[Collected data Boundary: Start]
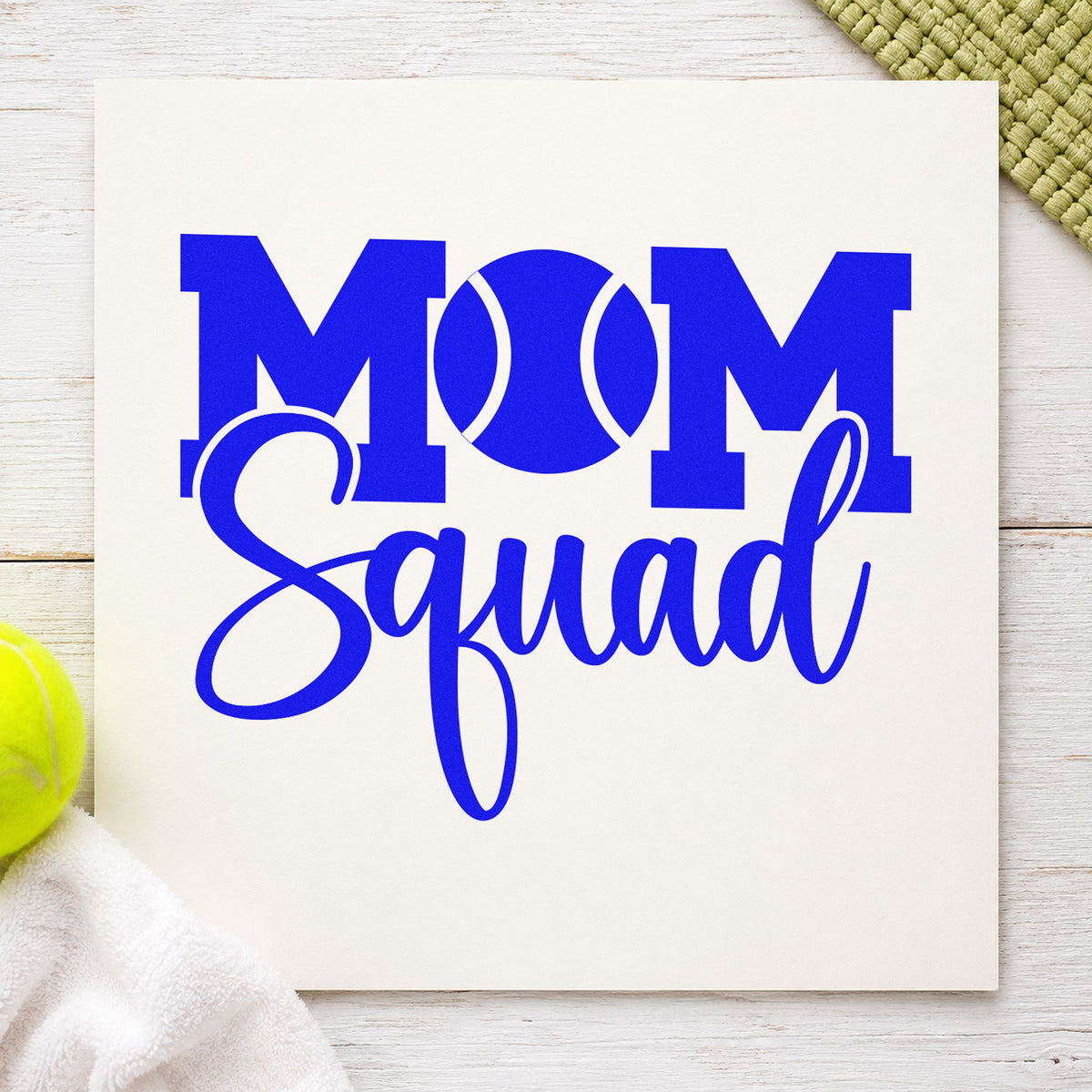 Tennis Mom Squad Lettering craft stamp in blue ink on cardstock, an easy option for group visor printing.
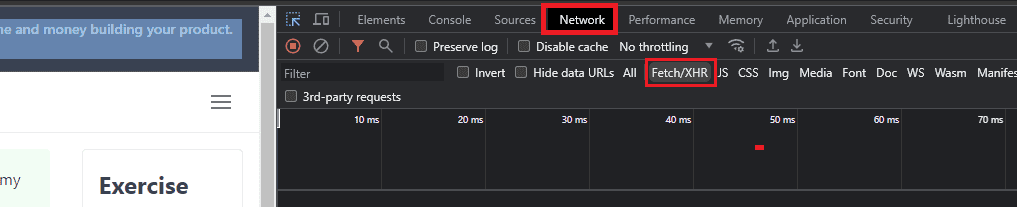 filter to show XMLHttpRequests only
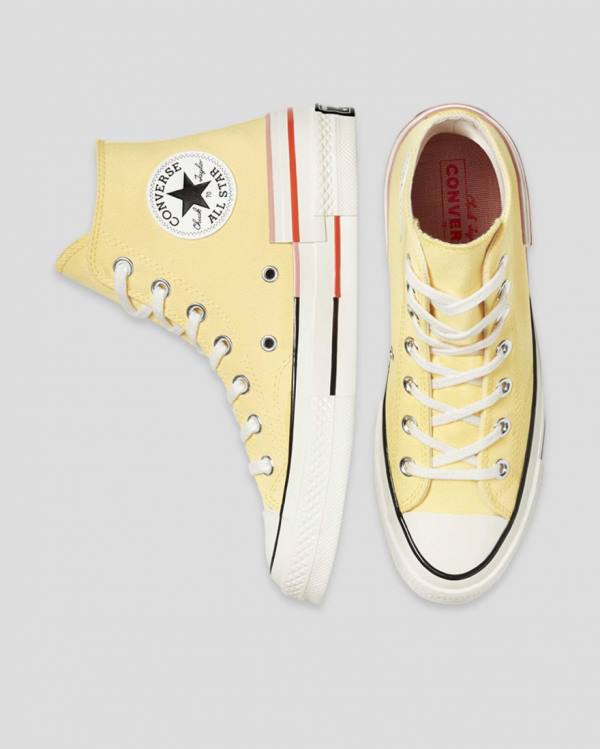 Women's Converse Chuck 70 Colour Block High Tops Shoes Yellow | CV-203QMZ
[Collected data Boundary: End]
**Exercise prompt:** Set down word for word, from the line that contains "filter to show XMLHttpRequests only" to the end of the listing above, every line and no picture.

**Response to this exercise:**
 filter to show XMLHttpRequests only
 Women's Converse Chuck 70 Colour Block High Tops Shoes Yellow | CV-203QMZ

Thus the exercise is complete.